Les vaccins existants :
Le programme de vaccination de votre troupeau est-il adapté ?


L'intérêt d'une vaccination est à étudier pour chaque pathologies en mesurant les bénéfices apportés au regard :
- des pertes potentielles (animaux, traitement, production) du fait de la maladie,
- du coût de la vaccination (produit, temps).

Pharmacovigilance :
La surveillance l'efficacité et de l'inocuité des vaccins est l'affaire de tous, éleveurs, vétérinaires, laboratoires...


La pharmacovigilance c'est la surveillance en continue bénéfices et des risques apportés par les médicaments. Ce dispositif mobilise les vétérinaires, les pharmaciens, les fabricants des médicaments et l'Agence Nationale du Médicament Vétérinaire (ANMV-AFSSA). Lorsque des effets indésirables comparables se répètent, l'objectif est de pouvoir les détecter afin d'améliorer la sécurité d'emploi du médicament, ce qui se traduit par l'une des mesures suivantes :

-        Ajout de précautions dans la notice du médicament,
-        Modifications des indications du médicament,
-        Suspension de l'autorisation de mise sur le marché (temporaire ou non).

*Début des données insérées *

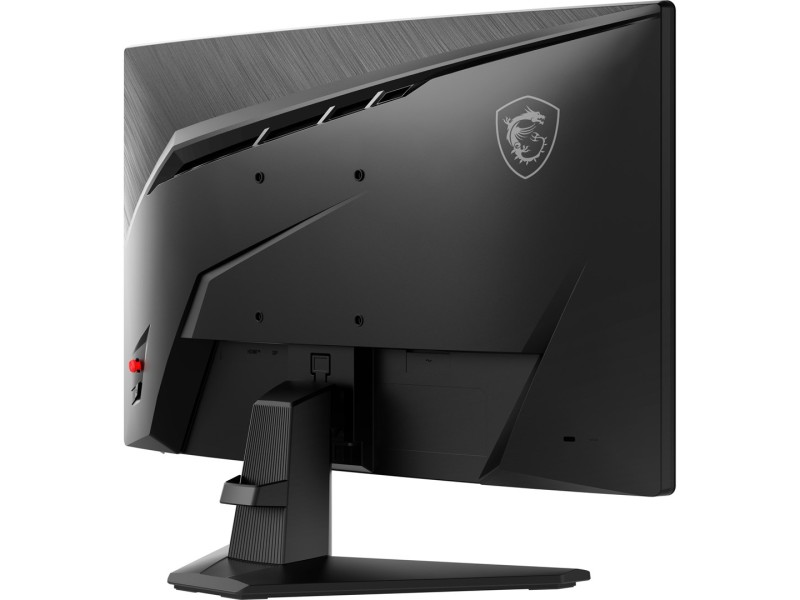MSI MAG 242C computer monitor 59.9 cm (23.6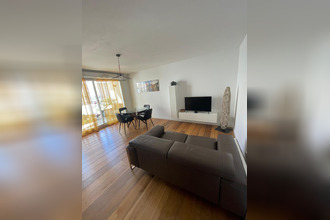  appartement auriol 13390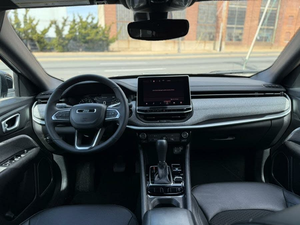 2024 <span class=keywords><strong>J</strong></span> E E <span class=keywords><strong>P</strong></span> la bàn vĩ độ - Product Image 2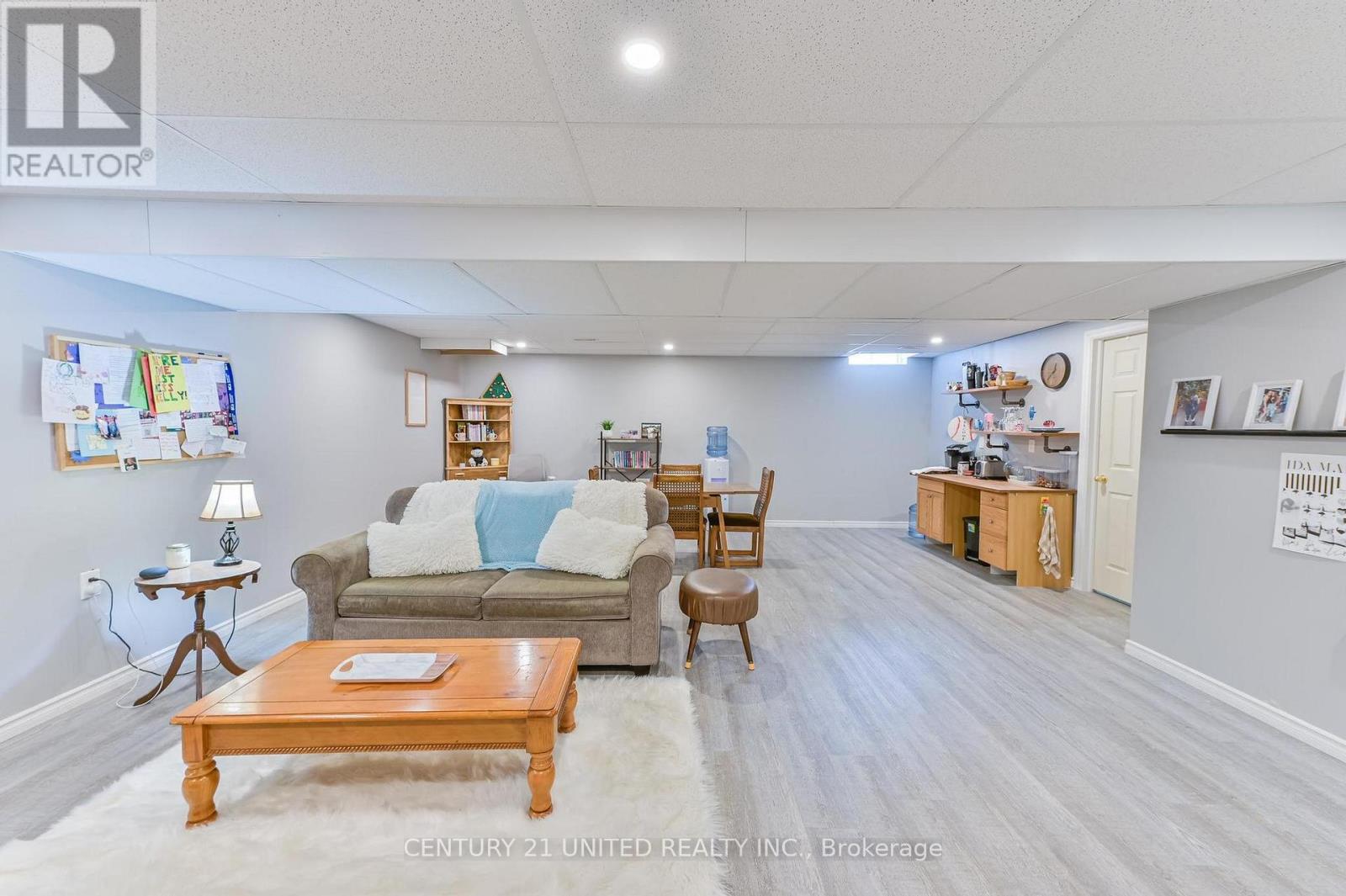 833 Bertrand Terrace, Peterborough (Monaghan Ward 2), Ontario  K9K 2T1 - Photo 26 - X12943190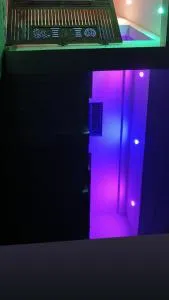 Mahalakshmi Guest house - Gokul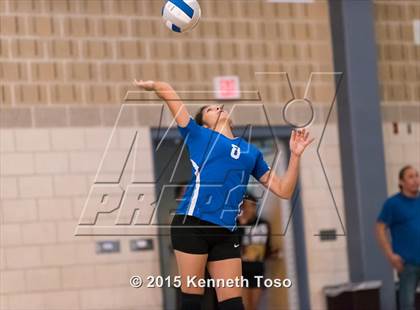 Thumbnail 2 in McCollum @ Lanier photogallery.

Mais à la base, ce système ne peut fonctionner pleinement qu'avec la participation active de tous, à commencer par les éleveurs qui sont au contact quotidien de leurs animaux et les premiers à pouvoir observer et rapporter d'éventuels effets indésirables.

La télédéclaration des effets indésirables peut se faire par internet :
http://www.ansespro.fr/notificationMV/

Collecte et classification des données


Le professionnel de santé qui a prescrit (vétérinaire) ou délivré (vétérinaire ou pharmacien) ou encore fabriqué (laboratoire pharmaceutique) le médicament à l'obligation (décret du 2 juillet 1999) de contacter le CPV (Centre de Pharmacovigilance Vétérinaire à Lyon) dès lors qu'il a connaissance d'effets indésirables. Au CPV les effets secondaires répertoriés sont classés et analysés selon une norme internationale, le système ABON:
-        l'administration du médicament est responsable de manière certaine ou probable des effets indésirables observés : classification A (probable)
-        l'administration du médicament est peut-être responsable : classification B (possible)
-        on ne peut pas conclure : classification O (non classifiable)
-        une explication autre existe : catégorie N (improbable)

A ce stade, il est important de savoir que plus on signale précocement un effet secondaire, et plus sa description est précise, meilleure sera sa prise en compte.

Tous les avis et rapports de l'ANMV-ANSES sont publics (conformément aux directives de l'UE) et consultables sur son site internet: www.anmv.afssa.fr.